There were design studies and performance projections with J75s of up to 30,000 lbs thrust supplemented by water injection and/or rocket engines. ... .

Any integration info (airframe/engine) on the rocket engine augmentation?

The piece I quoted yesterday from Rear Admiral Gillcrist, also mentioned rocket augmentation.

Also, are we thinking that a J58 for the F8U-3 might be for just higher thrust levels at
Mach 2.6, or are we thinking that a J58 for the F8U-3 would really be for Mach 3?

Interesting question.

I think I can answer my own question above.
I'm still interested in the rocket augmentation integration question too.

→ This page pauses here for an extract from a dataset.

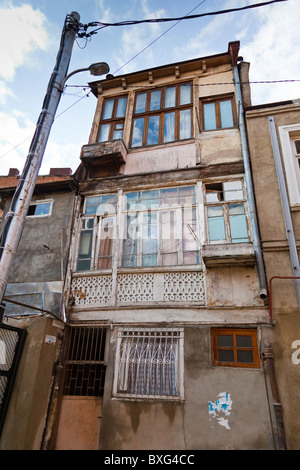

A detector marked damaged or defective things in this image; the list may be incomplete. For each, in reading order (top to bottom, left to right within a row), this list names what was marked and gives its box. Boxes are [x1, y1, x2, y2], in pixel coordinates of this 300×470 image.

A J58 with or without bypass bleeds may be useful for an airliner or something
that cruises supersonic up to Mach 2.5 (without bypass bleeds) or Mach 3 (with
bypass bleeds), but it won't be useful to a fighter, due to it's low pressure ratio.
When a dogfight progresses to subsonic, it won't have the pressure ratio to give
good performance.

So in my opinion a F8U-3 gets no benefit from a J58 as the J75 is better for subsonic
performance.

So a J58 equipped F8U-3 (dogfighter) never existed.

But maybe it was something else, a J58 equipped XF8U-X/XF9U/X??, which was not a
F8U-3, but something else that flies at Mach 3. Maybe it was a Mach 3 Interceptor
or fast attack aircraft or recce, but not a dogfighter.
 
shockonlip said:
Any integration info (airframe/engine) on the rocket engine augmentation?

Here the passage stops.